You may find yourself in downtown Opelika one night, looking for a place to grab some food, maybe a drink. The city is growing steadily but has managed to hold onto its small-town charm. 

Turning down 8th Street, you can see Zazu Gastropub sitting prominently. The pub is pretty easy to find – it has both an enticing lower entrance and upper balcony dining. 

“It’s fine dining food in a pub like atmosphere,” said Graham Hage, owner and executive chef at Zazu Gastropub.


The atmosphere alone is enough to drive customers inside, with the dangling lightbulbs and tavern feel. The food, however, is what will grab a customer, Hage said. 

“We don’t cut any corners when it comes to the food but we’re not a stuffy, fine dining restaurant,” he said. 

The restaurant has been in that spot for almost 5 years, but it began in the city of Auburn in 2007. 

Hage said that he had always worked in restaurants, before starting his own. 

“It’s always been a dream of mine to own my own place.”

A building opened up and the owner asked Hage if he was interested in taking over the lease, so he just jumped right in. 

Originally, the goal for Zazu was a fine dining experience, he said, but after realizing that this meant they were missing most of the lunch crowd, the atmosphere was changed. 

“We changed a little bit and that’s when adopted the gastropub moniker,” he said. “Took the tablecloths off, we changed the menu a little bit to do a little more comfort type foods but still doing the same type of preparation.

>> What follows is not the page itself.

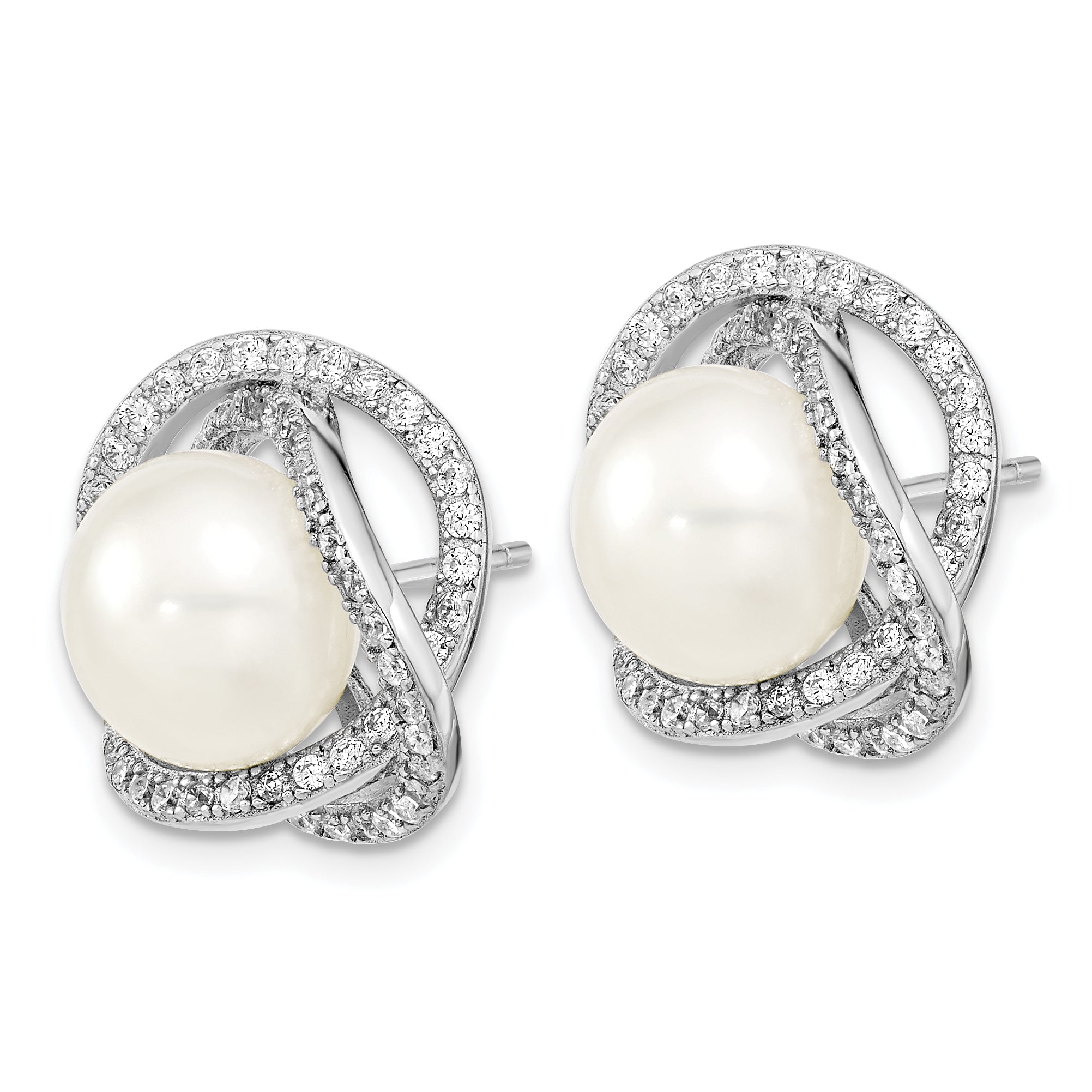 Sterling Silver Rhodium-plated 10-12mm White Button Freshwater Cultured Pearl and CZ 17 inch Necklace and Post Earrings Set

So we kind of rebranded a little more toward the younger crowd.”

There were a number of factors that prompted Hage to move his restaurant from Auburn to Opelika, one being that rent kept increasing in the college town. 

“As soon as we walked in [to the new building] we knew that it could be something really special that the area doesn’t really have,” he said. 

Some of the Auburn crowd made the drive to Opelika, but Zazu Gastropub also gained the Opelika natives in the move. 

2020-08-25 ZAZU

“I think a lot of the people from Opelika had never really experienced us before,” Hage said. 

Business has been better in Opelika, too. 

“There’s not that reliance on the university,” he said. “When the kids are gone, business is nothing.”

Five years later and Hage has decided to open a pizza place in Opelika as well. 

There are his other goals too, some more closely related to Zazu Gastropub, such as perhaps buying one of the buildings, he said. Maybe one day he’ll purchase a butcher shop, which can be used to prepare meats for Zazu or the new pizza spot, Hage said. 

“[It’s rewarding] doing it myself in a land of corporate restaurants,” he said. “Being able to survive and thrive as an independent owner, just seeing people’s faces when they eat a meal or first come into the building and look around and they’re like, ‘Wow, this is beautiful.’ Just making people happy. That’s what gets me up every morning to go to work.”